Trend News Agency
- Native name: Trend Xəbər Agentliyi
- Company type: Private
- Industry: News agency
- Founded: 1995; 31 years ago
- Headquarters: Baku, Azerbaijan
- Area served: Azerbaijan, Central Asia, Middle East, Europe, South East Asia
- Key people: Ilgar Huseynov (General Director)
- Products: News
- Number of employees: 150 (2008)
- Website: en.trend.az

= Trend News Agency =

Azerbaijani news company

Trend News Agency (Trend Xəbər Agentliyi) is an Azerbaijani news agency which focuses on current affairs in the Caucasus region and Central Asia. The agency is pro-government.

==History==
Founded in 1995 as a private media outlet in Azerbaijan, Trend News Agency is a news provider in the Caucasus, Caspian region and the Central Asia. Ilgar Huseynov is the director general of the agency.

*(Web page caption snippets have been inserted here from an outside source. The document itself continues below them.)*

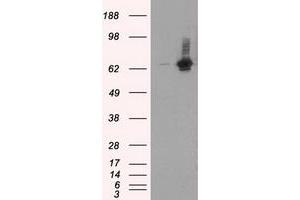 Western Blotting (WB) image for anti-RalA Binding Protein 1 (RALBP1) antibody (ABIN1500587) (RALBP1 抗体)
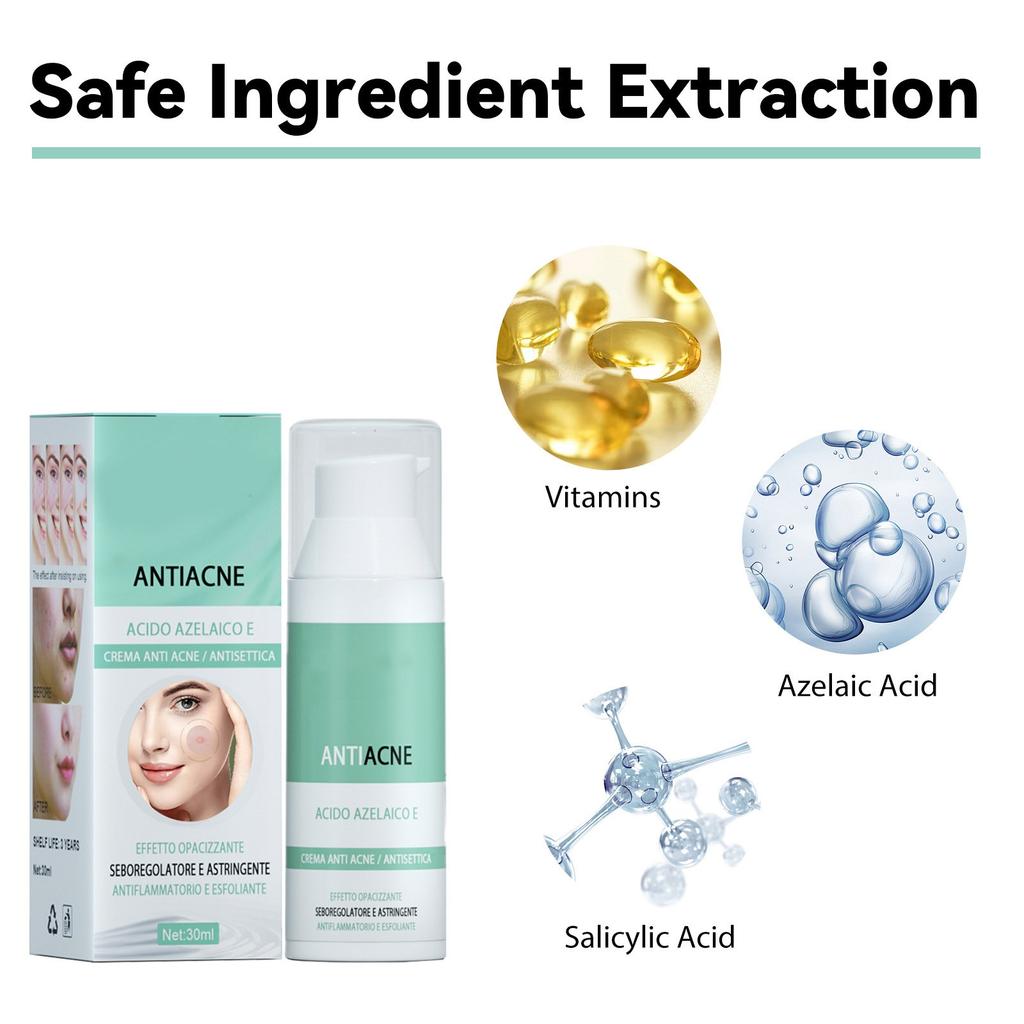 Acne Cream, Facial Cleansing And Acne Cleansing Cream, Gentle Acne Removing And Brightening Facial Skin Care Cream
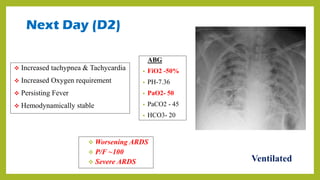 Next Day (D2)
 Worsening ARDS
 P/F ~100
 Severe ARDS
 Increased tachypnea & Tachycardia
 Increased Oxygen requirement
 Persisting Fever
 Hemodynamically stable
ABG
• FiO2 -50%
• PH-7.36
• PaO2- 50
• PaCO2 - 45
• HCO3- 20
Ventilated
 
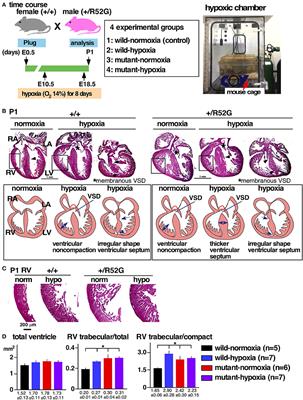 Mechanism Sharing Between Genetic and Gestational Hypoxia-Induced Cardiac Anomalies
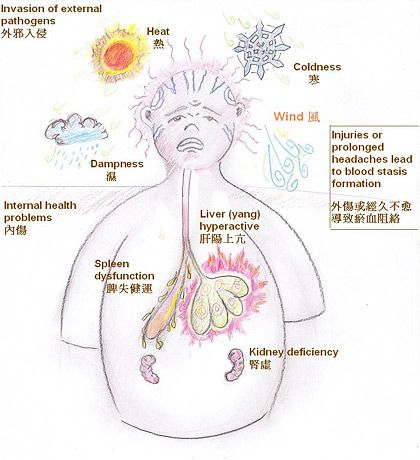 TCM Views on the Development of Headaches Forehead Headache, Chinese Healing, Traditional Chinese Medicine Acupuncture, Tcm Traditional Chinese Medicine, Kapha Dosha, Deficiency Symptoms, Eastern Medicine, Chinese Herbal Medicine, Energy Yoga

Trend News Agency produces news in five languages: Azerbaijani, English, Russian, Turkish and Persian. The services provide news of countries and regions by placing more focus on ongoing events in languages appropriate to the specific audiences.

Analytical reports and feature articles highlight major political, economic, energy developments and financial articles from the South Caucasus, Iran, Turkey, and Central Asia.

Trend's specialized bulletins cover areas covering such sectors as politics, business, oil and gas, transport and logistics, finance and banking in Azerbaijan, Iran, Uzbekistan, Tajikistan, Turkmenistan, Kyrgyzstan, and Kazakhstan.

Trend founded in August 2015 the Baku International Policy and Security Network (BIPSN), a non-governmental think tank. Baku Network operates an expert network, including representatives of Azerbaijani and foreign academia and diplomatic circles, international politics and security experts.

Trend is a member of the Organization of Asia-Pacific News Agencies (OANA), World Association of Newspapers (WAN-IFRA), and News Agency World Congress (NAWC).